Confrontation 9 years, 7 months ago

These pathetic K-12 teachers still want more money without having to prove they are doing a good job! No wonder so many people choose to home school.

Jason Bailey 9 years, 7 months ago

@Myopinion: When kids fail, the climate of public education is such that they are socially promoted. There is no accountability with the students, the teachers blame everything on a lack of funding (even though this scape goat never seems to be satiated regardless of how many bond issues are passed), and our society increasingly dumbs down the world to our kids (e.g., texting, LOL, ROTFL, BFF, blah blah)Kids are missing out on many of the important concepts that prepare them for an outstanding education.
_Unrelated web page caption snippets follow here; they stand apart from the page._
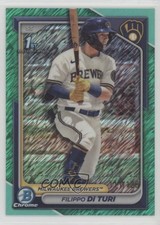 2024 Bowman Chrome Prospects Aqua Shimmer Refractor /125 Filippo Di Turi 12jy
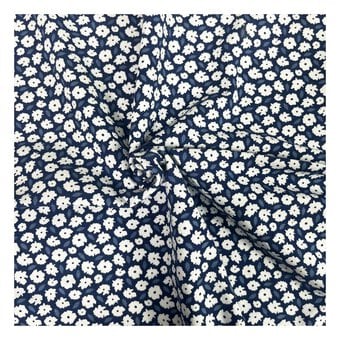 Floral Cotton Spandex Jersey Fabric by the Metre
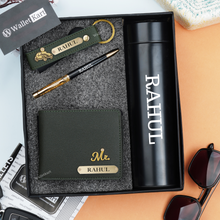 Load image into Gallery viewer, Personalized Men's Wallet, KeyChain, Pen, With Temperature Bottle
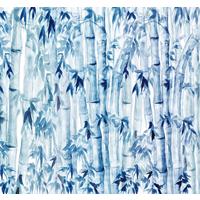 Fototapete R3-033 Bamboos - Blau/Weiß, Trend (300/280cm)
Some are excelling but they are the exception and certainly the credit is all theirs' not the public system since it rewards mediocrity.

just_another_bozo_on_this_bus 9 years, 7 months ago

"We don't hold union teachers accountable in our government schools and it shows."Really? What does that mean? How would you hold them accountable?And do you really think that cutting funding to public schools would actually lead to their improvement?

Kookamooka 9 years, 7 months ago

SMe, you must be 100 years old because students have been hammered with the basics for the last 8 years with no child left behind. I see students who lack the motivation to learn. Whether this is the result of society or family or both or if they are just depressed, I don't know. It's hard to teach students who block you. They will stare at you blankly and dare you to teach them. So what's the solution for helping those types of students? They aren't "buying" into education as a way of helping them achieve the "American dream."

Jennifer Forth 9 years, 7 months ago

Perhaps, but failure to attend college, even a community one, seems to be an impossible idea for many modern families. Not everyone is college material.

KSManimal 9 years, 7 months ago

Maybe the need for remediation isn't evidence of K-12 FAILURE, but rather SUCCESS - 30 years ago, we didn't have this remediation problem. But back then, only the top of the crop even considered post-secondary education. Now, the majority of high school graduates do.'What some see as a "failure" of K-12 education may just be a side effect of the fact that far more people are being successful enough, and inspired enough, to enroll in college in the first place.Ditto for all those claims that lower SAT/ACT/ETC scores show a decline in the effectiveness of public schools.